When we finally felt well enough to eat, my husband’s aunt sent over groentesoep met gehaktballen — a vegetable soup with meatballs. It was like gezellig in a bowl: salty, with beefy broth, spoon-sized meatballs the size of marbles, and some vegetables I was still too muzzy-brained to identify. It was probably the happiest a bowl of soup had ever made me feel (with the exception of this potato soup with truffles I ate in Maastricht one time, but no soup’s ever gonna top that).

A couple of months ago — around the time the weather got cold and I started thinking about Dutch food — I became determined to reverse engineer this soup. I knew the two main components — soup and meatballs — and I asked my mother-in-law about it, what was in it, how it was made, et cetera.
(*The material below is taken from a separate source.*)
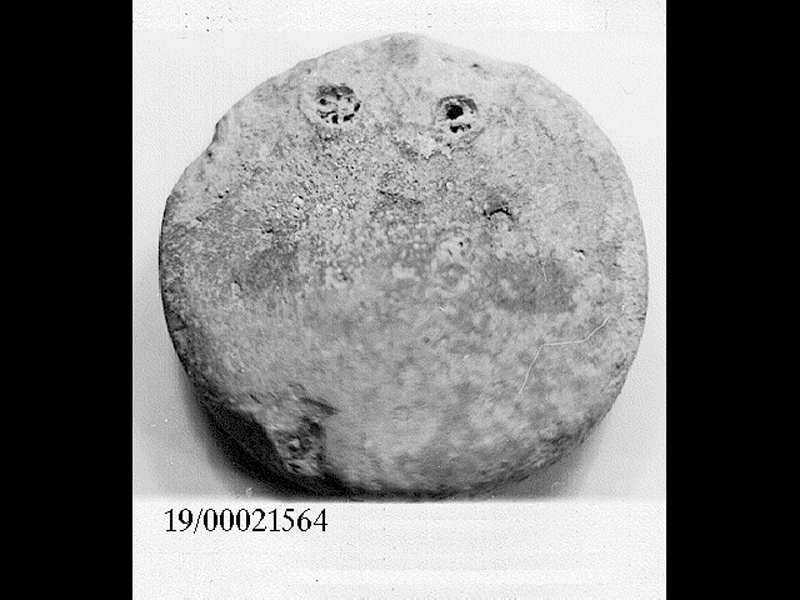 oscillum (SECOLI/ età ellenistica)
She told me in the Dutch supermarkets, you’d usually buy pre-chopped soup vegetables, cover it with water, and add a Maggi bouillon tablet or two, along with the meatballs.

Seemed simple enough, I reckoned.

I started with the meatballs, finding a couple different recipes for gehaktballen, and then came up with the following:

  • 1 lb. ground beef
  • 1 egg
  • 2 slices bread, crusts removed, torn into small pieces
  • 1 tsp. salt
  • 1/2 tsp. nutmeg
  • 1/2 tsp. pepper
  • milk

Cover the pieces of bread with milk and let soak until soft. Squeeze out excess milk and add bread to bowl, along with remaining ingredients. Mix well.
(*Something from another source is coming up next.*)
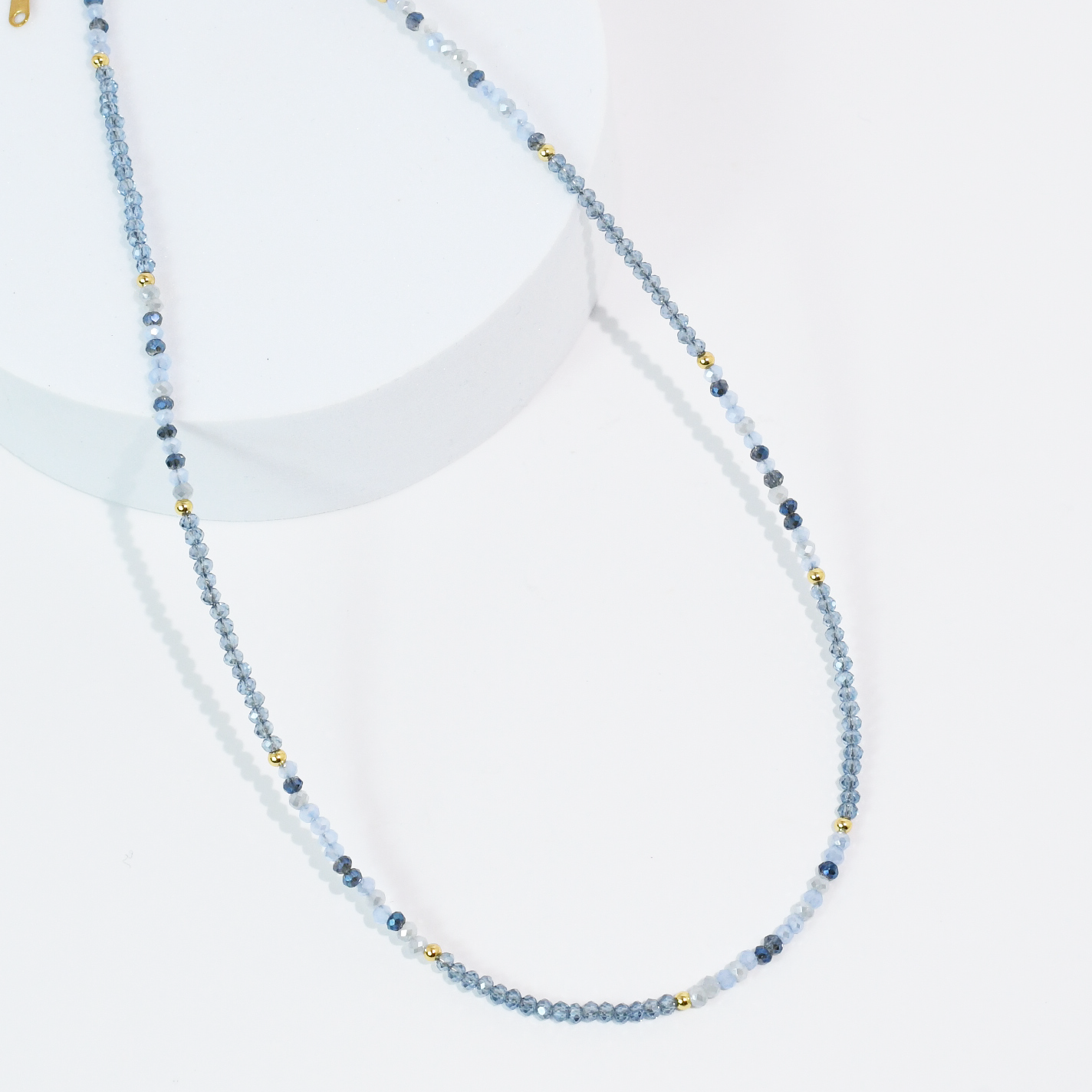 Amalfi Breeze Necklace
I formed the meatballs with a small melon baller, and I think that was maybe a little too big. They should be about the size of a rounded teaspoon. I started by browning a couple of them in a pan, until I realized the meatballs were probably poached in the soup instead. No matter; I ate the browned ones while I cooked.
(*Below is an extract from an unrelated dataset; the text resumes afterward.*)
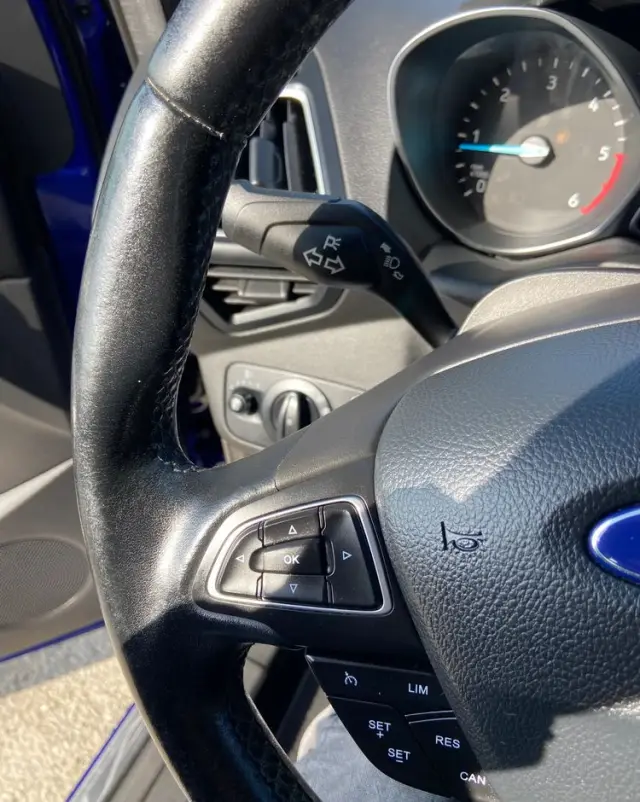FORD Kuga 2.0 TDCi 4x4 Titanium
I simmered the meatballs in about 4 cups of water in the soup pot, along with a bouillon tablet. Here’s what I did next:

  • 4 leeks, quartered and sliced 1/4″ thick
  • 2 carrots, quartered and sliced 1/4″ thick
  • 1 large waxy potato, peeled and diced
  • 1 tsp. pepper
  • 1 tsp. thyme
  • 1/2 tsp. nutmeg
  • 2-3 bouillon tablets (I used a combination of beef and vegetable)
  • 8-10 cups water

Combine all ingredients. Simmer 45-60 minutes or until vegetables are tender.

I started with the leeks and carrots and let those simmer together. I didn’t want to add any potato, because I always make way too much soup, and freezing what’s leftover becomes out of the question with the addition of potato — however, I evidently added one bouillon tablet too many and really needed a potato to make it less salty.

The meatballs — while really good — just didn’t have the texture I remembered. I think instead of a meatball with eggs and bread, those meatballs were just seasoned meat, more like these.

Still, the end result came really damned close to what my husband and I remembered. The leeks were soft and almost buttery-tasting. The carrots added a note of sweetness. Even the potatoes were okay, although I don’t think I’d add them again, along with a couple of changes I think I’d make.

But for now, here it is — groentesoep met gehaktballen: the beta version, stable but not ready for general release just yet.